Andrea lo tomó, lo acercó a sí diciendo:

—¡Oh!, la conozco, y la he visto otra vez huyendo hacia París.

—Decidme, ¿qué hizo hace dos horas y dónde ha ido?

—Aguardad, aguardad; sí, está recostada en un sofá, y tiene medio desnudo el pecho, el cual está herido.

—No la dejéis Andrea, no la dejéis.

—Estaba durmiendo, pero se despierta, ahora busca en su derredor, luego saca un pañuelo, se sube en una, silla; ata el pañuelo a los hierros de la ventana. ¡Oh! Dios mío.

—¿De veras, quiere matarse?

—¡Oh!, sí, está decidida a morir pero la aterra ese género de muerte. Entonces deja atado el pañuelo a los hierros y se baja… ¡Ah!, ¡infeliz mujer!

—¿Qué hace?

—¡Oh!, ¡cómo llora, cómo sufre, cómo se retuerce los brazos! Ahora busca un ángulo de la pared donde estrellarse la frente.

—¡Oh Dios mío, Dios mío! —exclamó Balsamo.

—¡Ah!, se arroja contra la chimenea, la cual representa dos leones de mármol; va a romperse la cabeza contra la cabeza del león.

—¿Qué más? ¿Qué más?… quiero que veáis, Andrea.

—Se detiene.

Balsamo respiró.

—Mira.

—¿Qué es lo que mira? —preguntó Balsamo.

—Sangre en un ojo del león; y esa sangre es vuestra.

—Mía —murmuró Balsamo, faltando poco para volverse loco.

—Sí, vuestra, vuestra. Os cortasteis los dedos con un cuchillo, con un puñal, y apoyasteis el dedo ensangrentado en el ojo del león. Os estoy viendo.

—Sí, es cierto; pero ¿cómo ha huido?

—Esperad, esperad; la veo examinar esa sangre, meditar, y después apoyar su dedo donde vos apoyasteis el vuestro. ¡Ah!, el ojo del león cede, muévese un resorte y la plancha de la chimenea gira.

—¡Imprudente de mí! —exclamó—; soy un loco; pues me he perdido a mí mismo. Andrea calló.

—¿Y sale? —continuó Balsamo—, ¿huye?

—¡Oh! Es necesario perdonar a la pobre mujer, porque era muy desgraciada.

—¿Dónde está, a dónde se dirige? Seguidla, Andrea, yo lo mando.

—Esperad; se detiene un momento en el cuarto de las armas y pieles; un armario está abierto: sobre una mesa hay una cajita guardada generalmente en aquel armario; la ve y la coge.

—¿Qué hay en esa cajita?

—Papeles vuestros.

—Si la veis, decidme cómo es.

—Está forrada de terciopelo azul, tachonada con clavos de plata, y tanto los goznes como la cerradura son de plata también.

—¡Oh! —dijo Balsamo furioso—, ¿y ha sido ella quién ha cogido esa cajita?

—¡Oh!
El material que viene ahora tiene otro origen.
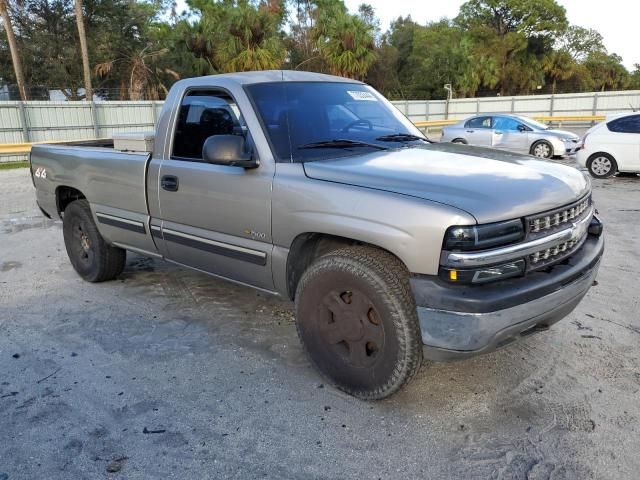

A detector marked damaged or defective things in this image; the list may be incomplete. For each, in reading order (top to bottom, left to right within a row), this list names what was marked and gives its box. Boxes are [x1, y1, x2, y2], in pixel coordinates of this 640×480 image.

rusty steel wheel rim [316, 288, 384, 368] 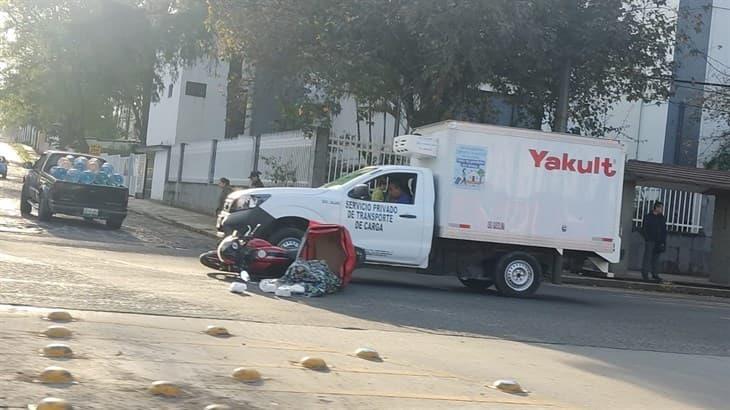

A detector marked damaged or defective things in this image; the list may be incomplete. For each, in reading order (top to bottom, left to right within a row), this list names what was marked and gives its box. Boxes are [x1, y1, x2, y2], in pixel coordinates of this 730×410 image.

crashed motorcycle [198, 224, 294, 278]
Sí, ella, ahora toma la escalera que conduce a la antesala, abre la puerta, tira de la cadena con que se abre la puerta de la calle y sale.

—¿Es muy tarde?

—Con seguridad es tarde porque está muy oscuro.

—Tanto mejor, habrá salido poco antes de regresar yo, y acaso tenga tiempo de alcanzarla… Seguidla.
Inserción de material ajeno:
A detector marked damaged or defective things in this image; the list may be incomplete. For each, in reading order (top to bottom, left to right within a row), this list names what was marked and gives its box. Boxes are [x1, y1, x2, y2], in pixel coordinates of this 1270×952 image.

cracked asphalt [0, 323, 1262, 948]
—Así que sale de casa, corre como una loca y llega al baluarte… Y corre… corre sin detenerse.

—¿Hacia qué lado?

—Hacia la Bastilla.

—¿Seguís viéndola?

—Sí, parece una loca, y tropieza con los que pasan por su lado. Al fin se para, desea saber dónde está y pregunta.

—¿Qué dice? Escuchad, Andrea, escuchad y, en nombre del cielo, no perdáis ni una palabra.

—Pregunta a un hombre vestido de negro.

—¿Y qué le pregunta?

—Que dónde vive el comisario de policía.

—¡Oh…! ¿Se lo dicen?

—Sí.

—¿Qué hace entonces?

—Vuelve atrás, toma una calle oblicuamente y sale a una gran plaza.

—La Plaza Real; ese es el camino. ¿Sabéis su intención?

—Corred tras ella, corred, porque va a delataros. Si llega primero que vos y ve a M. de Sartine, sois perdido.

Balsamo lanzó un grito terrible, se arrojó fuera del arbolado, atravesó una puertecilla que abrió y cerró de nuevo, y de un brinco saltó sobre la silla de su caballo Djerid, que golpeaba con impaciencia el suelo.

El bruto, aguijoneado al mismo tiempo con la voz y la espuela, partió con la rapidez de un rayo con dirección a París.

En cuanto a Andrea, se quedó fría, muda, pálida y de pie pero como si Balsamo se hubiese llevado su vida, doblóse poco a poco y cayó en tierra.

Balsamo ni siquiera se acordó de despertarla.